Avant d’en arriver à ce stade, il va falloir accepter des changements. Il ne faut pas vous démotiver. Au contraire, cela doit vous pousser à l’action. Il est urgent de ne pas subir les évolutions mais d’être acteurs, de choisir ce que vous voulez être aux yeux des clients.

 

A ce titre, la faiblesse de la profession trouve son origine dans son atomisation. C’est ce qui a guidé Fidroit dans la proposition de services mutualisés avec le cercle Fidroit Développement. Transformer cette faiblesse en véritable force en se dotant d’outils renforçant l’indépendance par une plus grande maîtrise et intégration des mutations du marché.

 

Le marché ne laisse plus goûter aux charmes de l’immobilisme, ni à son confort. Il faut cultiver ses différences. Et le temps est compté. Il faut alors avoir le courage de remettre en cause certaines choses avant que le marché ne rattrape les professionnels. Le changement génère de l’instabilité, du stress et donc de l’incertitude.
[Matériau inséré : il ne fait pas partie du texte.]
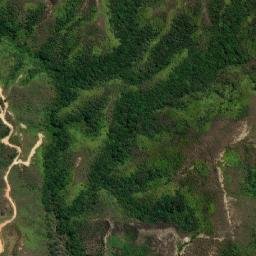 Satellite imagery of Cerro La Reina, CO
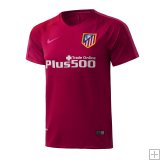 Camiseta Entrenamiento Atlético de Madrid 2016/17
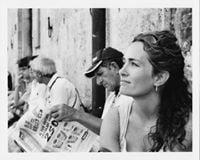 photo of Christine S.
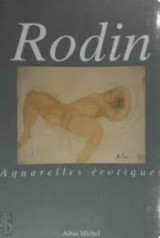 Rodin aquarelles erotiques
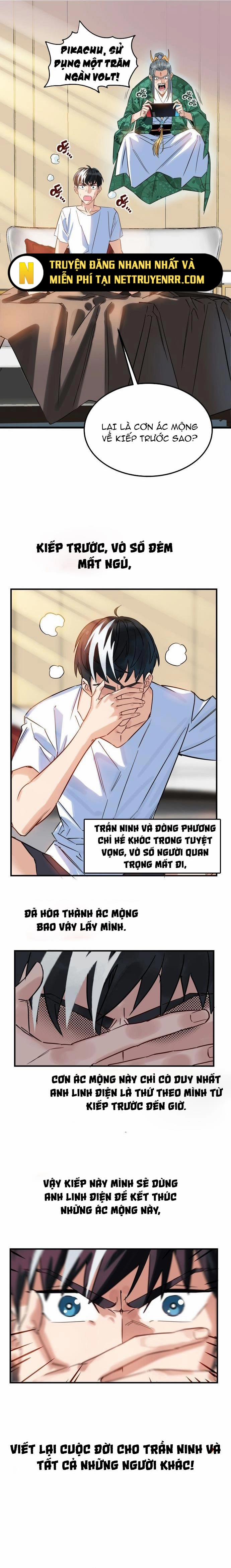 Ta Có Một Tòa Anh Linh Điện 8 trang 13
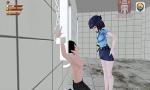 Video Bokep Terbaru 3D FEMDOM GAME: TOILET HUMILIATION DEGRADED  mp4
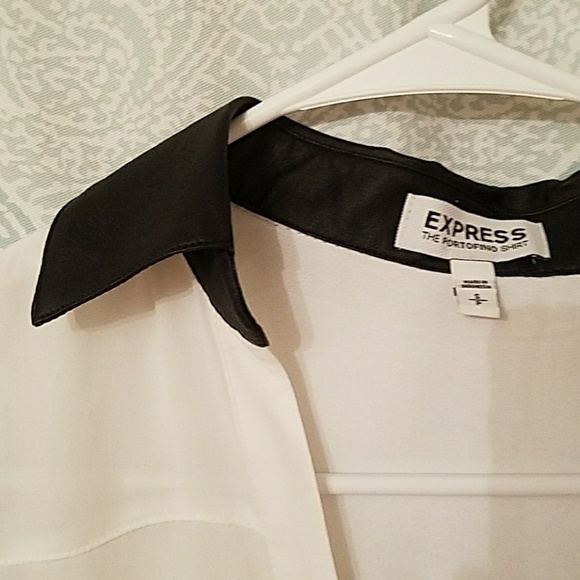 Express Portofino Tank Top - Picture 2 of 2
Mais évoluer ne veut pas dire non plus tout révolutionner.

 

Cependant, et c’est incontournable, le changement relève d’une méthodologie bien précise de gestion de projet.

 

Tout réside dans votre volonté d’évoluer. Si l’ensemble d’une équipe sent une détermination, une envie. Toute une équipe peut-être portée par un projet.

 

L’équipe doit être fédérée autour d’un projet en plusieurs phases :

 

  • Phase 1 : définition des objectifs à court terme : nouvelles missions, nouvelles clientèles, segmentation de la clientèle…
     
  • Phase 2 : Diagnostic des missions, des équipes, des outils, de la gestion interne…
     
  • Phase 3 : Analyse des moyens à mettre en œuvre pour atteindre les objectifs (marketing, commercial, formation…)
     
  • Phase 4 : Mise en place des moyens (communication, moyens commerciaux…)
     
  • Phase 5 : Mise en place d’indicateurs de performance et fixation des objectifs.

 

On ne peut pas avoir des chances de réussir sans développer, structurer son offre en clarifiant les prestations de façon détaillée auprès des ses clients. Et on ne peut pas davantage connaître le succès sans ces phases qui font passer le professionnel du statut d’artisan à celui de manager entrepreneur.

 

Il s’agit donc d’une remise en cause partielle du modèle existant mais surtout des mentalités. Il s’agit d’un choc culturel qui impose de faire évoluer le modèle vers plus d’entreprenariat, d’opportunisme et d’idées novatrices.